Your objective
Leave the pictures out and restate every line below exactly.

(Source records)
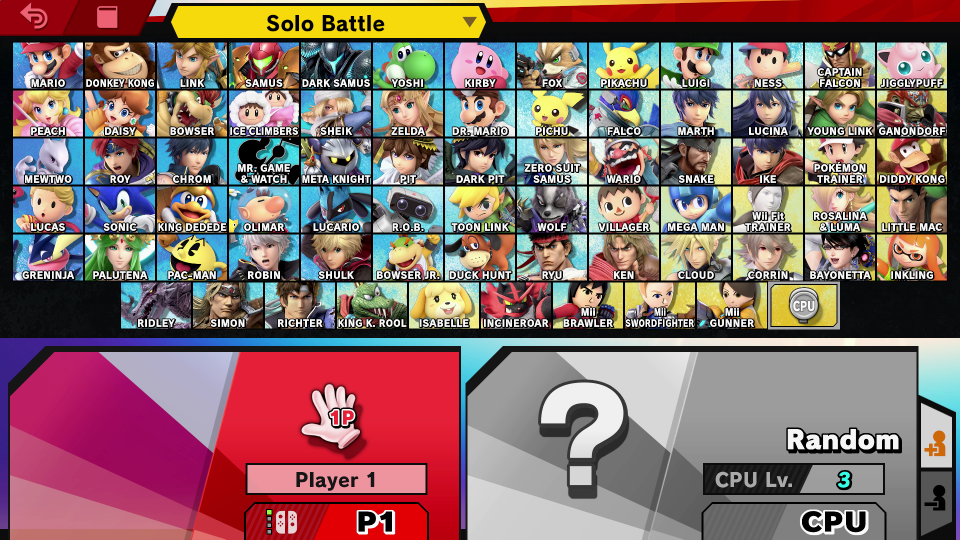 There’s an incredibly ridiculous number of fighters to choose from.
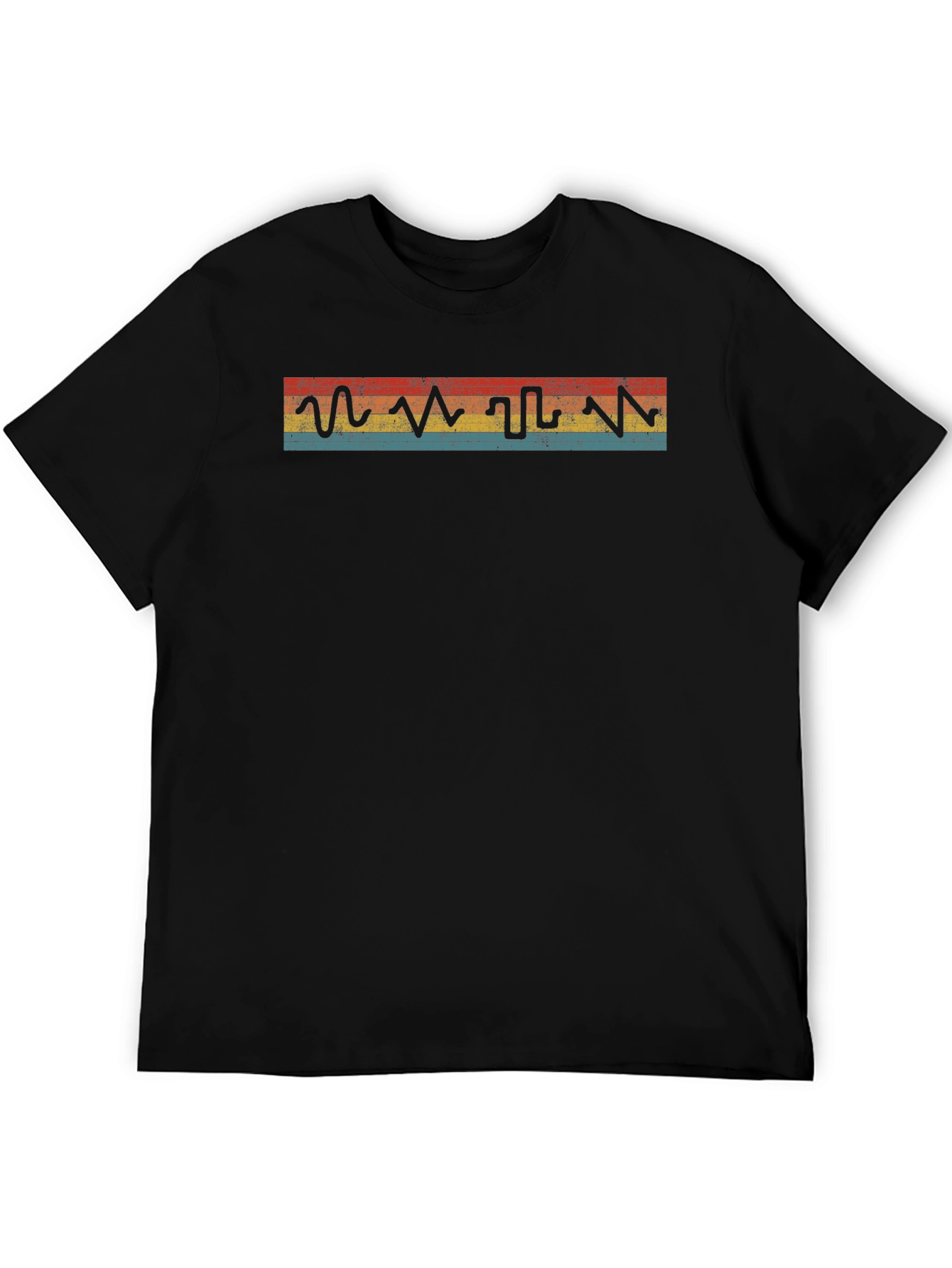 Retro Heartbeat Graphic Tee - Vintage Style T-Shirt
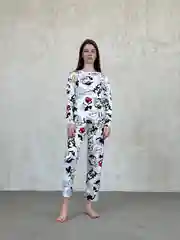 Разноцветный пижама для дома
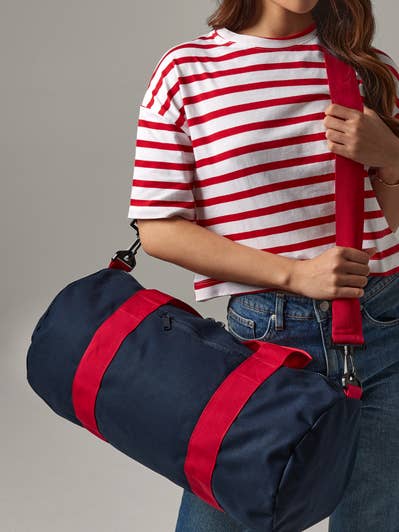 BagBase Original Barrel Bag | 20 Litre Duffle | Carry Handles | 14 Colours | One Size for wholesale by Logo Free Clothing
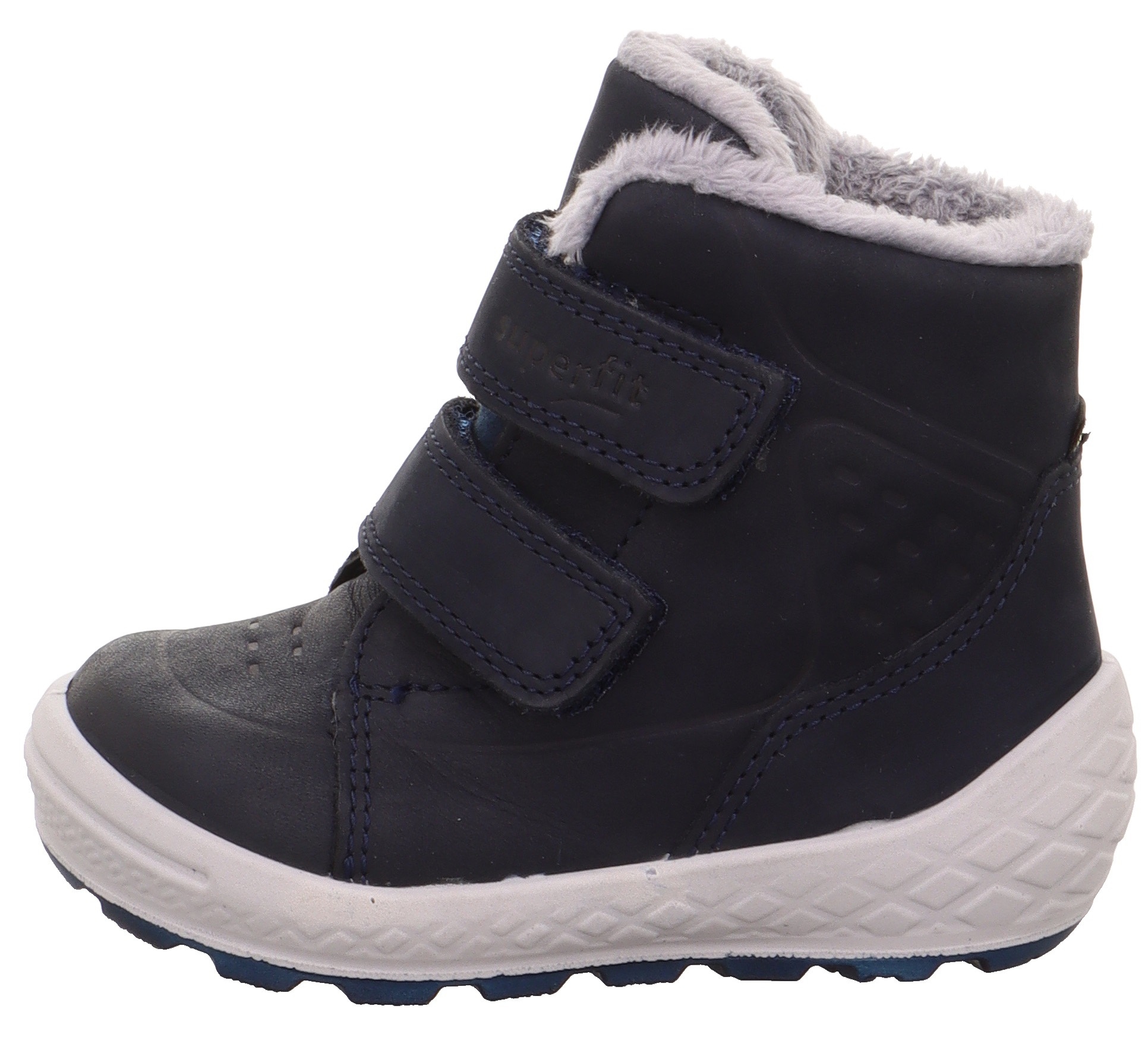 Superfit Klettstiefel »GROOVY 2.0 WMS: mittel«, Snowboots, Winterstiefel, Babystiefel mit Schurwolle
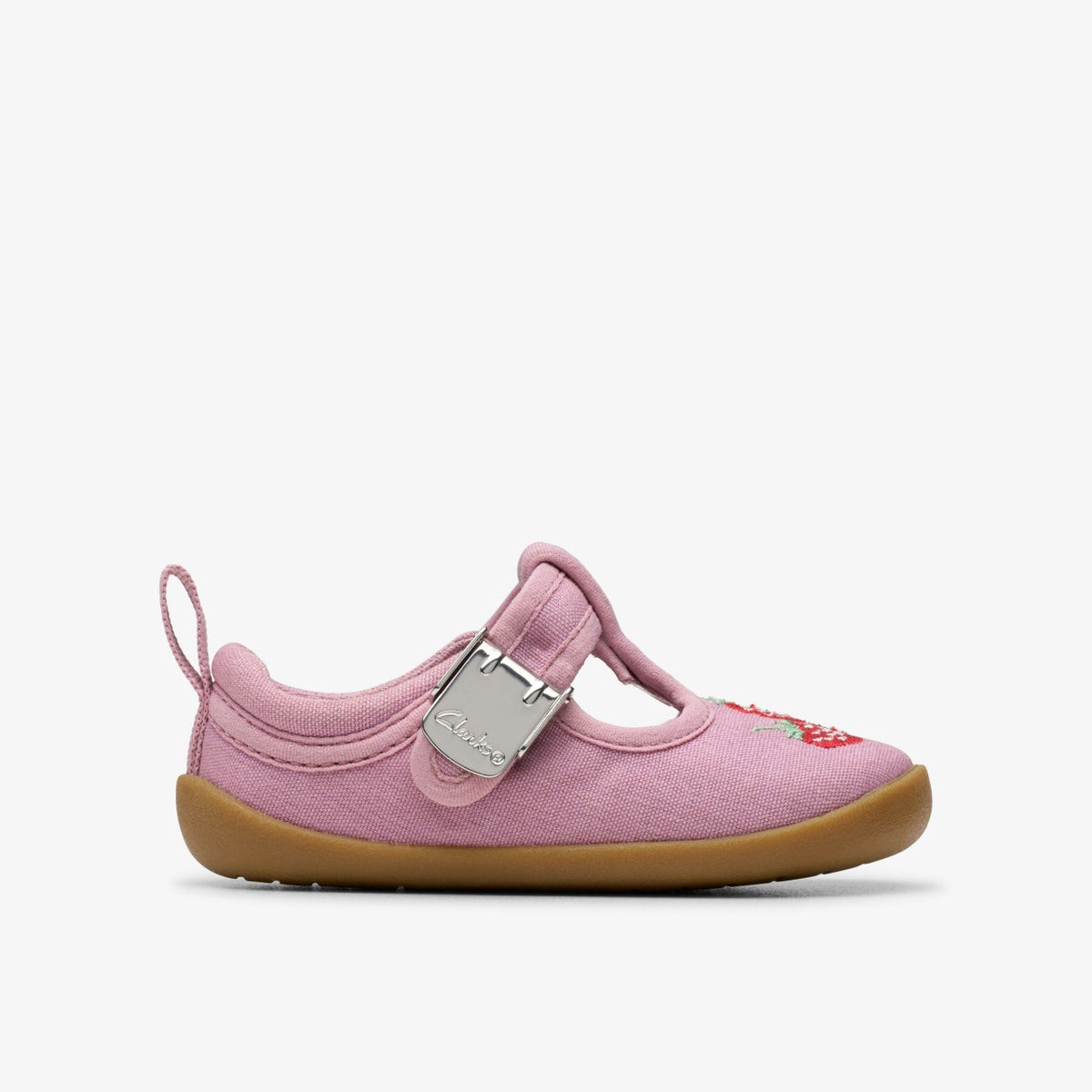 Roamer Grow Toddler Pink Canvas - Clarks Latest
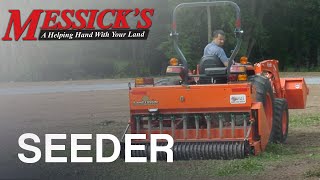 Seeding a new lawn with the LandPride OS1572 seeder [upl. by Bores]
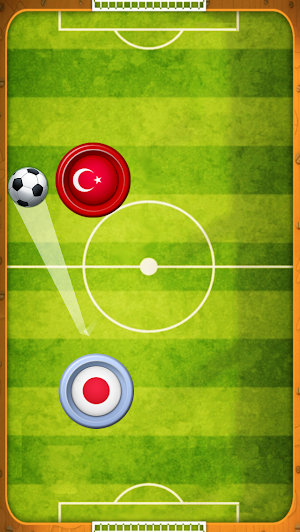 Air Hockey Soccer Tournament Screenshot 0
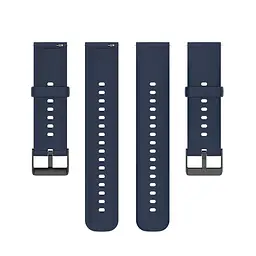 Ремінець силіконовий для смарт-годин BeWatch HW Huawei Watch 22 мм Синій (102HW04) - мініатюра 3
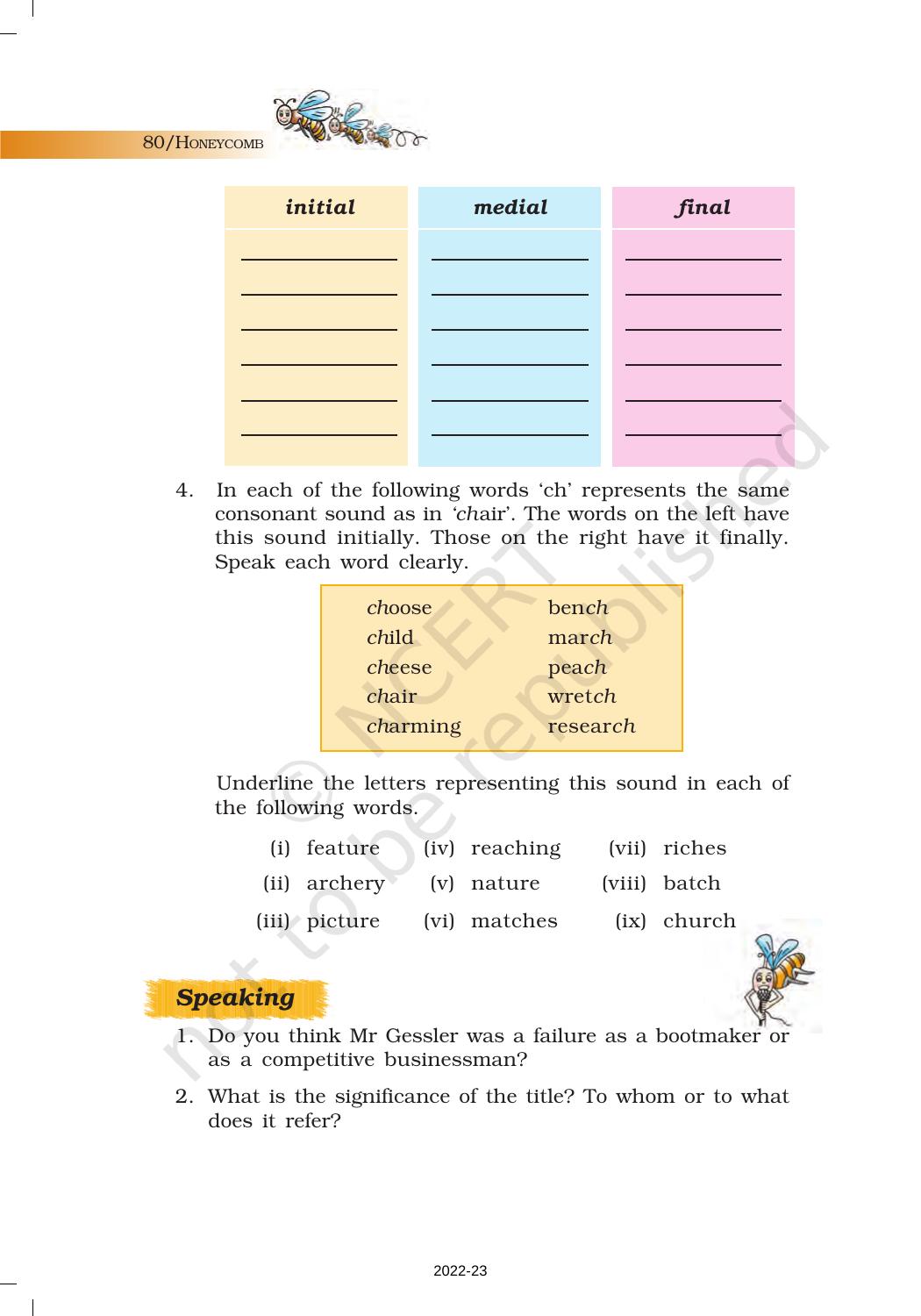 NCERT Book for Class 7 English (Honeycomb): Chapter 5-Quality - Page 10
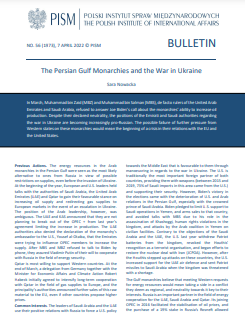 The Persian Gulf Monarchies and the War in Ukraine Cover Image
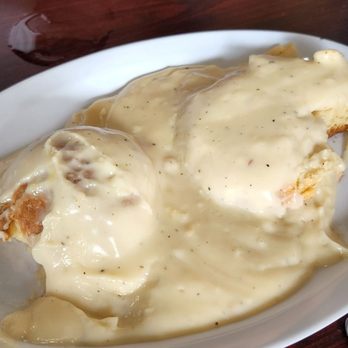 Country Skillets - Biscuit and country gravy came with Portuguese Skillet - Breakfast & Brunch Near Me - Ripon, California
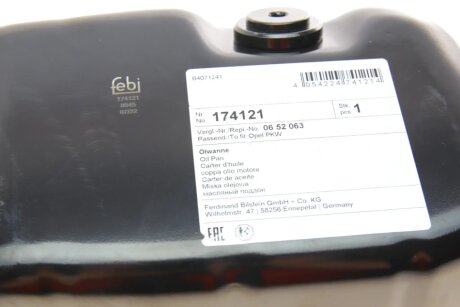 Піддон масла febі Bilstein 174121
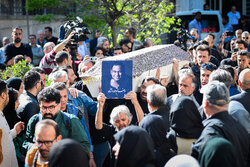 Funeral ceremony of Iranian actor Davoudnejad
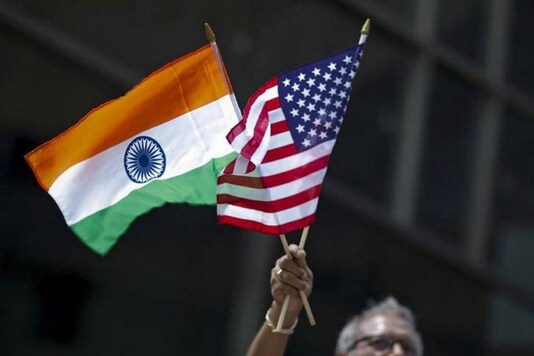 File photo of Indian and US flags.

Written response
 There’s an incredibly ridiculous number of fighters to choose from.
 Retro Heartbeat Graphic Tee - Vintage Style T-Shirt
 Разноцветный пижама для дома
 BagBase Original Barrel Bag | 20 Litre Duffle | Carry Handles | 14 Colours | One Size for wholesale by Logo Free Clothing
 Superfit Klettstiefel »GROOVY 2.0 WMS: mittel«, Snowboots, Winterstiefel, Babystiefel mit Schurwolle
 Roamer Grow Toddler Pink Canvas - Clarks Latest
 Seeding a new lawn with the LandPride OS1572 seeder [upl. by Bores]
 Air Hockey Soccer Tournament Screenshot 0
 Ремінець силіконовий для смарт-годин BeWatch HW Huawei Watch 22 мм Синій (102HW04) - мініатюра 3
 NCERT Book for Class 7 English (Honeycomb): Chapter 5-Quality - Page 10
 The Persian Gulf Monarchies and the War in Ukraine Cover Image
 Country Skillets - Biscuit and country gravy came with Portuguese Skillet - Breakfast & Brunch Near Me - Ripon, California
 Піддон масла febі Bilstein 174121
 Funeral ceremony of Iranian actor Davoudnejad
 File photo of Indian and US flags.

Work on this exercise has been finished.